- [Directions for this task]:
Nothing more is wanted than an exact repeat of the data below.

- [Dataset extract]:
..............................
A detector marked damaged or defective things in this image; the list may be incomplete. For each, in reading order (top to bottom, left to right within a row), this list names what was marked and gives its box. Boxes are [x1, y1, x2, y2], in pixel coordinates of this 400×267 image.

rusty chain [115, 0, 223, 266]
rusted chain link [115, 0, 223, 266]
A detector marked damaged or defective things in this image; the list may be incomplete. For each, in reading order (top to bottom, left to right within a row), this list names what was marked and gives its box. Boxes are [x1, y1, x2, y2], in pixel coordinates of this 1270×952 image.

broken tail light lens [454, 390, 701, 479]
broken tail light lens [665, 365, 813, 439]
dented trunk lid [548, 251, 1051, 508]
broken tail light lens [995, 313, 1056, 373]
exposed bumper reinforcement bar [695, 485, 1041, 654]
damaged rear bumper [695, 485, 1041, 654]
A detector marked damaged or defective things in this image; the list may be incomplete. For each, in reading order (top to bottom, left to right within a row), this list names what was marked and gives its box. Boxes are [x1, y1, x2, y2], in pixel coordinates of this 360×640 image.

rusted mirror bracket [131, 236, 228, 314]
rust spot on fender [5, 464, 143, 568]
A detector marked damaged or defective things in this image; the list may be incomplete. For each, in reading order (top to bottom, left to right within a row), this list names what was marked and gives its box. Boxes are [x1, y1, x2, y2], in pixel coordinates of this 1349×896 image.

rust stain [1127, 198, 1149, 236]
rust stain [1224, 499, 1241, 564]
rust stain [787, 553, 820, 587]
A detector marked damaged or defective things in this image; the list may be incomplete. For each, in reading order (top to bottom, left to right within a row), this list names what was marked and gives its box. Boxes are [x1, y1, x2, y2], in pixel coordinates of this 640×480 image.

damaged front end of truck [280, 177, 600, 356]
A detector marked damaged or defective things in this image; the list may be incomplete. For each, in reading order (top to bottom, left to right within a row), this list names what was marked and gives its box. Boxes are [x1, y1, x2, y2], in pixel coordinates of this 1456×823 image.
..............................
- [Solution to the exercise]:
A detector marked damaged or defective things in this image; the list may be incomplete. For each, in reading order (top to bottom, left to right within a row), this list names what was marked and gives its box. Boxes are [x1, y1, x2, y2], in pixel coordinates of this 400×267 image.

rusty chain [115, 0, 223, 266]
rusted chain link [115, 0, 223, 266]
A detector marked damaged or defective things in this image; the list may be incomplete. For each, in reading order (top to bottom, left to right within a row), this list names what was marked and gives its box. Boxes are [x1, y1, x2, y2], in pixel coordinates of this 1270×952 image.

broken tail light lens [454, 390, 701, 479]
broken tail light lens [665, 365, 813, 439]
dented trunk lid [548, 251, 1051, 508]
broken tail light lens [995, 313, 1056, 373]
exposed bumper reinforcement bar [695, 485, 1041, 654]
damaged rear bumper [695, 485, 1041, 654]
A detector marked damaged or defective things in this image; the list may be incomplete. For each, in reading order (top to bottom, left to right within a row), this list names what was marked and gives its box. Boxes are [x1, y1, x2, y2], in pixel coordinates of this 360×640 image.

rusted mirror bracket [131, 236, 228, 314]
rust spot on fender [5, 464, 143, 568]
A detector marked damaged or defective things in this image; the list may be incomplete. For each, in reading order (top to bottom, left to right within a row), this list names what was marked and gives its box. Boxes are [x1, y1, x2, y2], in pixel coordinates of this 1349×896 image.

rust stain [1127, 198, 1149, 236]
rust stain [1224, 499, 1241, 564]
rust stain [787, 553, 820, 587]
A detector marked damaged or defective things in this image; the list may be incomplete. For each, in reading order (top to bottom, left to right within a row), this list names what was marked and gives its box. Boxes are [x1, y1, x2, y2], in pixel coordinates of this 640×480 image.

damaged front end of truck [280, 177, 600, 356]
A detector marked damaged or defective things in this image; the list may be incomplete. For each, in reading order (top to bottom, left to right within a row), this list names what was marked and gives its box. Boxes are [x1, y1, x2, y2], in pixel coordinates of this 1456×823 image.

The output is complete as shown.